Sumand, going through treatment is hard enough to cope with on it's own, but added to the mix, your sudden bereavement and your job loss.... it's no the wonder you've mixed feelings about giving it another go.

Take time to grieve your losses hunnie - both your Dad and your negative result....take time out for you and your partner.  And just go again if and when you feel ready to. in the meantime I am praying for your own little miracle.

Sheila


----------



## Sumand (Sep 20, 2014)

Sheilaweb said:


> Sumand, going through treatment is hard enough to cope with on it's own, but added to the mix, your sudden bereavement and your job loss.... it's no the wonder you've mixed feelings about giving it another go.
> 
> Take time to grieve your losses hunnie - both your Dad and your negative result....take time out for you and your partner. And just go again if and when you feel ready to. in the meantime I am praying for your own little miracle.
> 
> Sheila


Thank you for taking the time to reply Sheila. I know I need time, i'm so impatient though! I must try to relax more. I think getting myself back into work would be better for me to take my mind of it all xxxx


----------



## Guest (Sep 22, 2014)

Hi I'm so sorry you've had such a horrible year   Im currently ttc naturally as well, until the end of the year at the moment. I've had 2 miscarriages this year after a late loss in 2012, so just trying to get my energy back! I think it's wise to have a bit of a rest sometimes. Well done for having the determination to keep going despite a challenging time, stay strong   Sending you a big hug and best wishes for a lot of happiness coming your way soon! xxx


----------



## Sumand (Sep 20, 2014)

Merlin13 said:


> Hi I'm so sorry you've had such a horrible year  Im currently ttc naturally as well, until the end of the year at the moment. I've had 2 miscarriages this year after a late loss in 2012, so just trying to get my energy back! I think it's wise to have a bit of a rest sometimes. Well done for having the determination to keep going despite a challenging time, stay strong  Sending you a big hug and best wishes for a lot of happiness coming your way soon! xxx


Thank you  My unwavering positivity is gradaully returning, and dp wished on a shooting star tonight, so all will be fine  Now, where are those straws i'm supposed to be clutching?! 

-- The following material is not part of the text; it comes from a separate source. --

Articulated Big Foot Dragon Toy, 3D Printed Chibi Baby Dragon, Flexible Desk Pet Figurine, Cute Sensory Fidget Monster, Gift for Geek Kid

Looks like im going to be in the same ttc boat as you until at least xmas time too. Are you doing anything different? Ive done, opks, concieve plus, temps......this time i'm doing. NOTHING! Just enjoying trying and hoping every single month.

S xxxx


----------



## Guest (Sep 23, 2014)

Sumand that's great seeing a shooting star! I love things like that   Well last time I got pregnant via the syringe method! Home artificial insemination! So I think DH wants to continue with that since it worked. I've got 1 frozen embryo but I don't know when we'll use it. I did order a pack of soft cups as I read they were good too! (holding the sperm in place, esp if used with something like pre seed) Sorry if tmi but sometimes it helps! I found charting temps a nightmare as mine was wildly different every day! I've got a few of those smiley sticks left over so using those this month. I made a smoothie for me & hubby this morning so trying to be healthy, that's about it! All the best xxxx


----------



## Sumand (Sep 20, 2014)

Merlin13 said:


> Sumand that's great seeing a shooting star! I love things like that  Well last time I got pregnant via the syringe method! Home artificial insemination! So I think DH wants to continue with that since it worked. I've got 1 frozen embryo but I don't know when we'll use it. I did order a pack of soft cups as I read they were good too! (holding the sperm in place, esp if used with something like pre seed) Sorry if tmi but sometimes it helps! I found charting temps a nightmare as mine was wildly different every day! I've got a few of those smiley sticks left over so using those this month. I made a smoothie for me & hubby this morning so trying to be healthy, that's about it! All the best xxxx


I do too. I'm hoping he wished for a miracle 

Tell me more about this DIY syringe idea? Im intrigued? Im tempted my the soft cups but really nervous about the idea of them 

S xx


----------



## Guest (Sep 24, 2014)

Hi it's because of some difficulties DH has, in addition to the low sperm results   Its just a matter of collecting the 'sample' in a syringe (with no needle!) and inseminating yourself with it. I didn't think it would work but it did. We've only tried it for a couple of months so I'm not an expert   I read that same sex couples sometimes use this method and heard of lots of success stories. It would be nice to just be able to get pregnant normally & easily   Re the soft cups, I tried using a moon cup one time but found it too uncomfortable, so yet to see if soft cups are any better. Before my ivf I started doing self fertility massage, from a dvd I ordered & looking forward to starting that again. The best bit is relaxing with a hot water bottle on your tummy   x


----------



## LittleStampede (Jul 1, 2014)

Hi,

Couldn't just read and run, but thinking of you all - why is this journey so easy for some yet so hard for others?!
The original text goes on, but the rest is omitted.